Wednesday, 22 April 2015

Migration, Promise Of The Day Twelve





There is much heat, little light, a lot of dogma but few sensible discussions of migration issues at present to support all the promises being made.  Some, for example, EU Referendum on Monday 6 April, point out that it is complex and doing something may amount to a number of joined up things rather than talking big ideas.  Sub Rosa discusses the human side today, Wednesday 22nd April.

There is a great deal of history in human movement and the geneticists can tell tales of the unexpected; because of the limitations of sources of the long past, historians cannot offer the certainties we want.  We know about Attila The Hun and Genghis Khan and such like, but not of many other movements that impacted in different ways.

In terms of recent academic studies at one time population was something that straddled economic geography and statistics with a good deal of theory but not a lot of hard evidence about the nature and purpose of movement.  A result is that demographics has been something to avoid by serious or ambitious academics and others.

One area of study, on the one hand a very minor field left to a few students with particular minds has become a blood sport for a great many amateurs and stray academics to call their own.  It is genealogy and family history.  When done well it can be quite informative but great care is needed.

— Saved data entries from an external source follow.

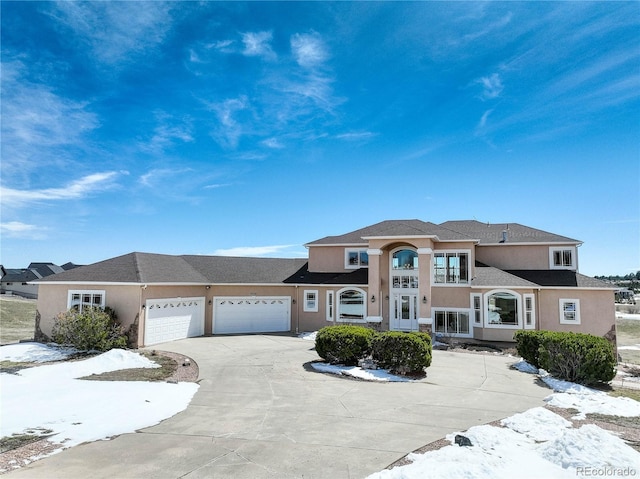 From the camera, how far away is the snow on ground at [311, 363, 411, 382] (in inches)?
529

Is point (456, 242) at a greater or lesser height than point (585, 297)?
greater

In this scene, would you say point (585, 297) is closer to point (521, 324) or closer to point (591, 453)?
point (521, 324)

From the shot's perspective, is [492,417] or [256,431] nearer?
[256,431]

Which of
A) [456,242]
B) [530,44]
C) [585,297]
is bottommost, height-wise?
[585,297]

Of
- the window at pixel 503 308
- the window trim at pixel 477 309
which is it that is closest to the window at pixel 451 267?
the window trim at pixel 477 309

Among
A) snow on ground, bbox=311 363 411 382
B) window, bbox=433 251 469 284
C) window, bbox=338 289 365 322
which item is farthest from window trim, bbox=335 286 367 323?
snow on ground, bbox=311 363 411 382

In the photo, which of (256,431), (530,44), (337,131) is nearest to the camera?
(256,431)

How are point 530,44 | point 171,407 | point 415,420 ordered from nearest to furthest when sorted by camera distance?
point 415,420 < point 171,407 < point 530,44

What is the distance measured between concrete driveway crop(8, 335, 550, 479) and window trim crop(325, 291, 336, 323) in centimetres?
1007

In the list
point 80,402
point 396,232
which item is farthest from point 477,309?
point 80,402

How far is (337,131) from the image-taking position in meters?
20.9

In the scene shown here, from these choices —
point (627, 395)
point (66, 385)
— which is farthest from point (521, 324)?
point (66, 385)

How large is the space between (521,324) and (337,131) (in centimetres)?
1435

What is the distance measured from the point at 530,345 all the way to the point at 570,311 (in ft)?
27.9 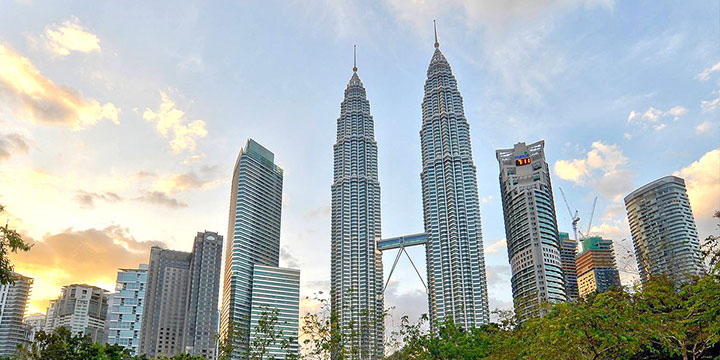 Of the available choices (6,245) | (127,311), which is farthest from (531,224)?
(6,245)

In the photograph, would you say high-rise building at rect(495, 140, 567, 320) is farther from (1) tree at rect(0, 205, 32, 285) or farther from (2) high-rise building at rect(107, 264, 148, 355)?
(1) tree at rect(0, 205, 32, 285)

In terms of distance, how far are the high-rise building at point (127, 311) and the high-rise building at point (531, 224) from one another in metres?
117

For me it has the advantage that if I use my own DNA and  family history to illustrate how migration works and if set carefully into the historical background it can be illustrative.  A recent update on just one branch allowed a demonstration of the function of extended families operating in a connected network of families over several generations.

The very recent digitisation of many types of record and source can shed light on many questions. One intriguing finding is that rather than my lot being a law abiding upright sort rather more than expected have migrated shortly after incurring the wrath of the local magistrates.

Also, extended and closely connected families are not always happy ones.  Court records and other legal documents indicate too often endless disputes within and between families which may seem trivial to much later generations seem to have been the stuff of life for earlier ones and running over decades at least.  One choice example in The Lady's family is the ancestor who attempted to gaol the President and Fellows of Magdalene College, Oxford.

A number of his extended family were given free tickets to Australia after burning the local workhouse down.  The joy of this is that the Magistrates in question were closely connected to another extended family of mine.  The evidence suggests that this was not the end of the matter, the people sent away carried their disputes with them far across the sea to enliven their new families as well as other rivalries.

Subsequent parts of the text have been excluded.